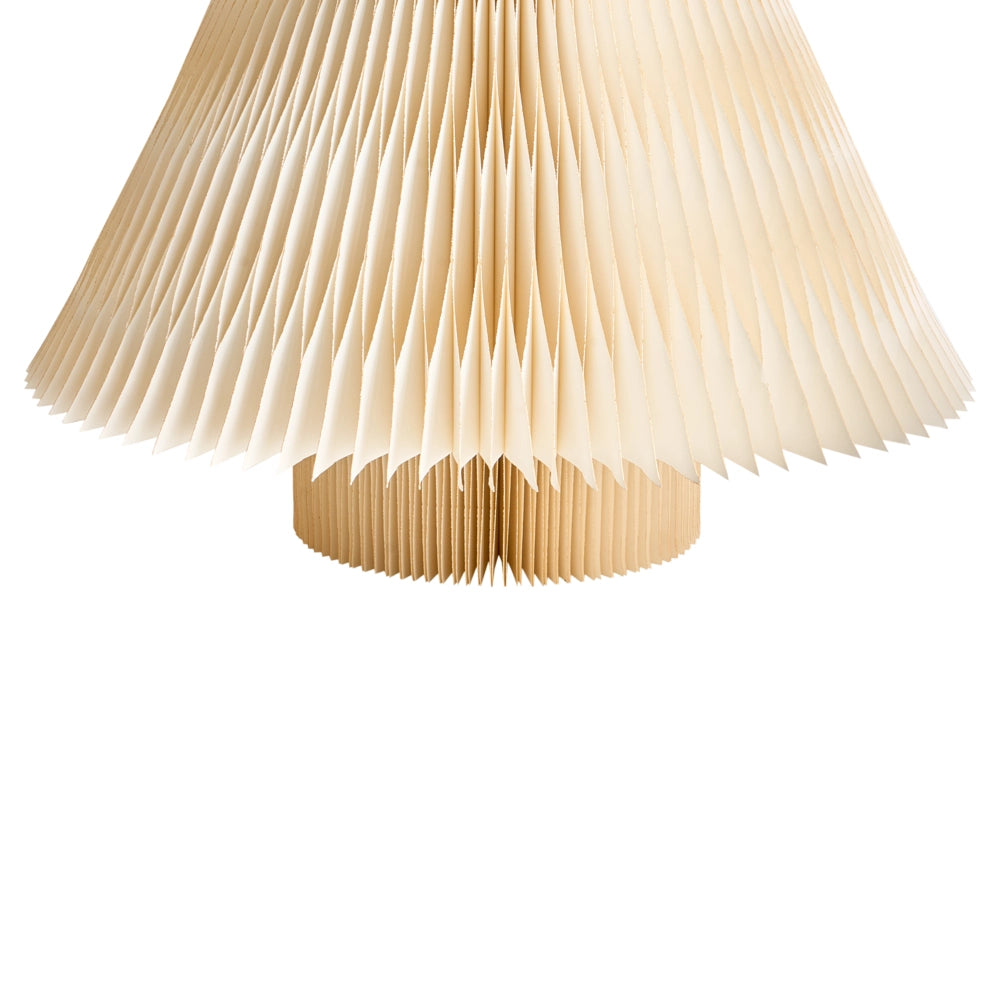 Set di 2 alberi di Natale Figurine Beige Carta a nido d'ape Effetto 3D Stile Origami Motivo festivo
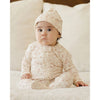 Quincy Mae French Garden Zip Footie and Hat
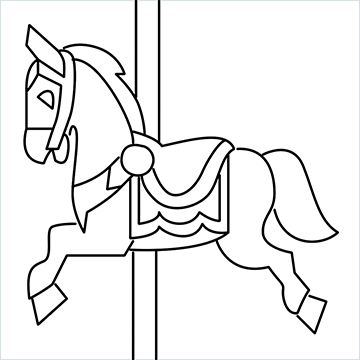 carousel horse drawing (35)
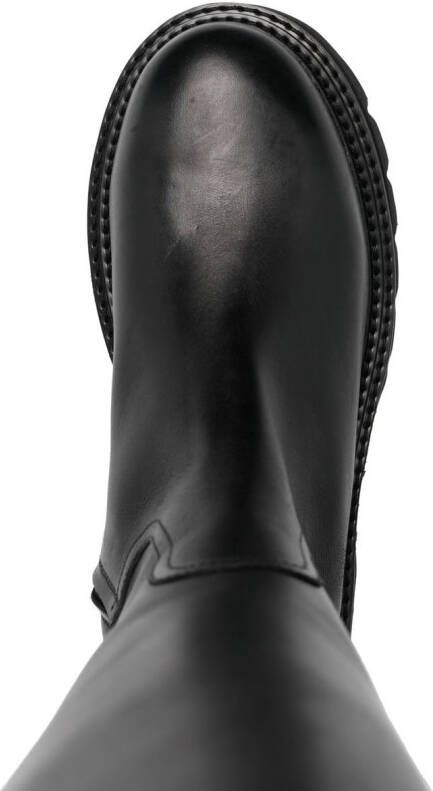 Casadei calf leather knee-length boots Black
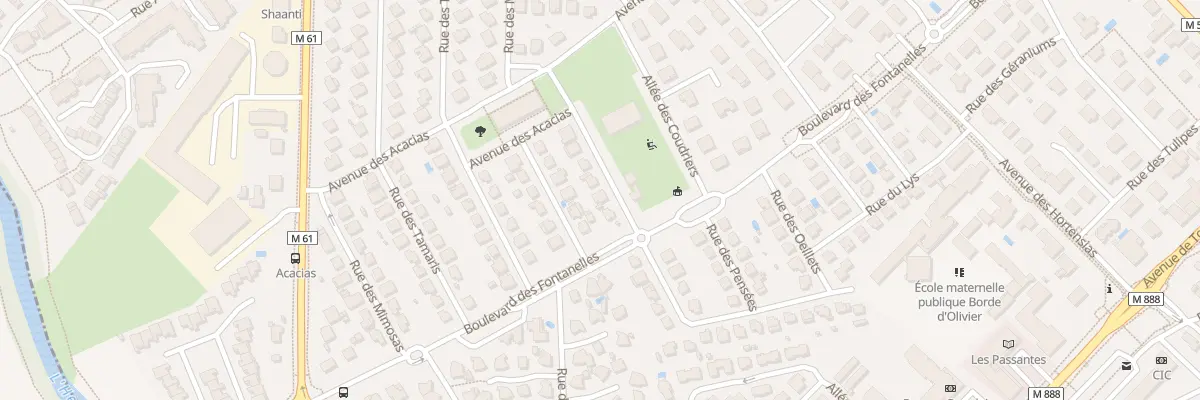 Plan du 3 Rue des Pins à L’Union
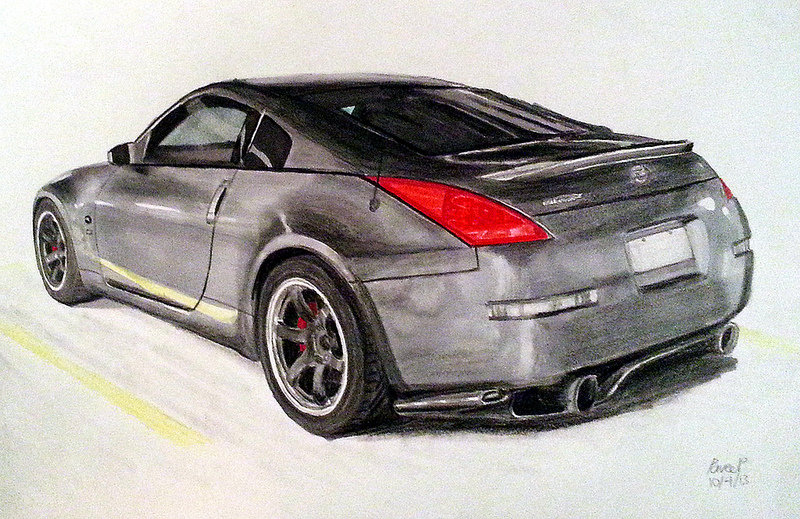 Нарисовать nissan 350z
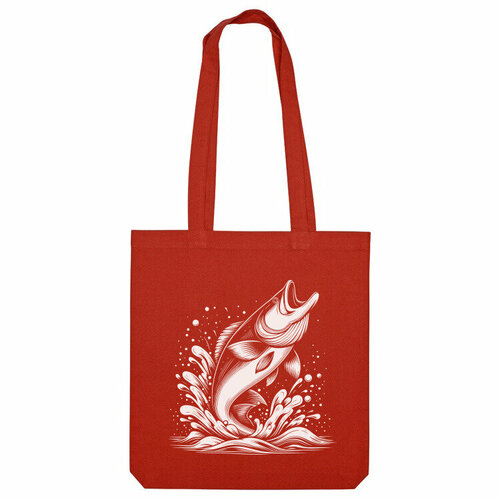 фото Сумка шоппер us basic, красный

◆ HOW TO COMPLETE THIS TASK ◆
Where the line containing "Нарисовать nissan 350z" appears, begin copying there and continue exactly through the final line of the records; both end lines belong in the copy, pictures do not.

◆ TASK OUTPUT ◆
 Нарисовать nissan 350z
 фото Сумка шоппер us basic, красный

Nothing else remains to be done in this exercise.